=== Section Start ===
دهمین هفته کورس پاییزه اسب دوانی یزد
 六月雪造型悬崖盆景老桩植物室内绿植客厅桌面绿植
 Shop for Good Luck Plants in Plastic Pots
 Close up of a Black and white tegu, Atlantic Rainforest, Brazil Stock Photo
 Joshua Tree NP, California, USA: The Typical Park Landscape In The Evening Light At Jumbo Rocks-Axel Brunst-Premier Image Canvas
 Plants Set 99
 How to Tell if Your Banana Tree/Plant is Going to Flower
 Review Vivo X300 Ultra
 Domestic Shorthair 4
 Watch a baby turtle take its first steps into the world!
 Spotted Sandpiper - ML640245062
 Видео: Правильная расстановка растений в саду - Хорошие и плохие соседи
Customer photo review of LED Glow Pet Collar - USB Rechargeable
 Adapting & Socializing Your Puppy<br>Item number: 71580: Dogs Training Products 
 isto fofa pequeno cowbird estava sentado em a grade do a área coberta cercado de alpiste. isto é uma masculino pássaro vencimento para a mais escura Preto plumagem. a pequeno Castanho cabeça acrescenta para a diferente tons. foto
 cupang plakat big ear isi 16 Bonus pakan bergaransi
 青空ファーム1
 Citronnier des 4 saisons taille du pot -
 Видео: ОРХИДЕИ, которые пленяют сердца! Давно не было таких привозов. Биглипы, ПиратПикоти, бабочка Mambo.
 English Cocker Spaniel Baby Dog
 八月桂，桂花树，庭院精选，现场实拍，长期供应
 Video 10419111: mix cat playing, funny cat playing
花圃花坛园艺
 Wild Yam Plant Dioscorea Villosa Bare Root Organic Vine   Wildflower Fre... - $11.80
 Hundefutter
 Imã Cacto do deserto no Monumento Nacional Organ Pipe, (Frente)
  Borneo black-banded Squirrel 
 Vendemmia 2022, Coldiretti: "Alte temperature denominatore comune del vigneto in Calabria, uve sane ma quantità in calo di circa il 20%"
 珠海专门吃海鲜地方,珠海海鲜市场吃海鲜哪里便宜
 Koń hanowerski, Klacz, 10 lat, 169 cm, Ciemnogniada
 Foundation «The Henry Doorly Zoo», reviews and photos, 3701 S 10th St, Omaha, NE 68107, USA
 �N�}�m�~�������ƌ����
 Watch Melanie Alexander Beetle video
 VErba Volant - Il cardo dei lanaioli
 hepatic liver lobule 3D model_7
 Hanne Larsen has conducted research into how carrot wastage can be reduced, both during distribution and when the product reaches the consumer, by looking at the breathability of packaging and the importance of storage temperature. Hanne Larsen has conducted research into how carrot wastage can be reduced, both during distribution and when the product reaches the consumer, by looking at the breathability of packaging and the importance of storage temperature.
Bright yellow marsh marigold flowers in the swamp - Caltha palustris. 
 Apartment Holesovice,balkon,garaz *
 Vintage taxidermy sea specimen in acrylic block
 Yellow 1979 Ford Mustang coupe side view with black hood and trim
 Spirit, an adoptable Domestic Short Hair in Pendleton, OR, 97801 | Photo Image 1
=== Section End ===
→ ASSIGNED TASK
Line by line, reproduce the material exactly.

→ ANSWER TO THE EXERCISE
دهمین هفته کورس پاییزه اسب دوانی یزد
 六月雪造型悬崖盆景老桩植物室内绿植客厅桌面绿植
 Shop for Good Luck Plants in Plastic Pots
 Close up of a Black and white tegu, Atlantic Rainforest, Brazil Stock Photo
 Joshua Tree NP, California, USA: The Typical Park Landscape In The Evening Light At Jumbo Rocks-Axel Brunst-Premier Image Canvas
 Plants Set 99
 How to Tell if Your Banana Tree/Plant is Going to Flower
 Review Vivo X300 Ultra
 Domestic Shorthair 4
 Watch a baby turtle take its first steps into the world!
 Spotted Sandpiper - ML640245062
 Видео: Правильная расстановка растений в саду - Хорошие и плохие соседи
Customer photo review of LED Glow Pet Collar - USB Rechargeable
 Adapting & Socializing Your Puppy<br>Item number: 71580: Dogs Training Products 
 isto fofa pequeno cowbird estava sentado em a grade do a área coberta cercado de alpiste. isto é uma masculino pássaro vencimento para a mais escura Preto plumagem. a pequeno Castanho cabeça acrescenta para a diferente tons. foto
 cupang plakat big ear isi 16 Bonus pakan bergaransi
 青空ファーム1
 Citronnier des 4 saisons taille du pot -
 Видео: ОРХИДЕИ, которые пленяют сердца! Давно не было таких привозов. Биглипы, ПиратПикоти, бабочка Mambo.
 English Cocker Spaniel Baby Dog
 八月桂，桂花树，庭院精选，现场实拍，长期供应
 Video 10419111: mix cat playing, funny cat playing
花圃花坛园艺
 Wild Yam Plant Dioscorea Villosa Bare Root Organic Vine   Wildflower Fre... - $11.80
 Hundefutter
 Imã Cacto do deserto no Monumento Nacional Organ Pipe, (Frente)
  Borneo black-banded Squirrel 
 Vendemmia 2022, Coldiretti: "Alte temperature denominatore comune del vigneto in Calabria, uve sane ma quantità in calo di circa il 20%"
 珠海专门吃海鲜地方,珠海海鲜市场吃海鲜哪里便宜
 Koń hanowerski, Klacz, 10 lat, 169 cm, Ciemnogniada
 Foundation «The Henry Doorly Zoo», reviews and photos, 3701 S 10th St, Omaha, NE 68107, USA
 �N�}�m�~�������ƌ����
 Watch Melanie Alexander Beetle video
 VErba Volant - Il cardo dei lanaioli
 hepatic liver lobule 3D model_7
 Hanne Larsen has conducted research into how carrot wastage can be reduced, both during distribution and when the product reaches the consumer, by looking at the breathability of packaging and the importance of storage temperature. Hanne Larsen has conducted research into how carrot wastage can be reduced, both during distribution and when the product reaches the consumer, by looking at the breathability of packaging and the importance of storage temperature.
Bright yellow marsh marigold flowers in the swamp - Caltha palustris. 
 Apartment Holesovice,balkon,garaz *
 Vintage taxidermy sea specimen in acrylic block
 Yellow 1979 Ford Mustang coupe side view with black hood and trim
 Spirit, an adoptable Domestic Short Hair in Pendleton, OR, 97801 | Photo Image 1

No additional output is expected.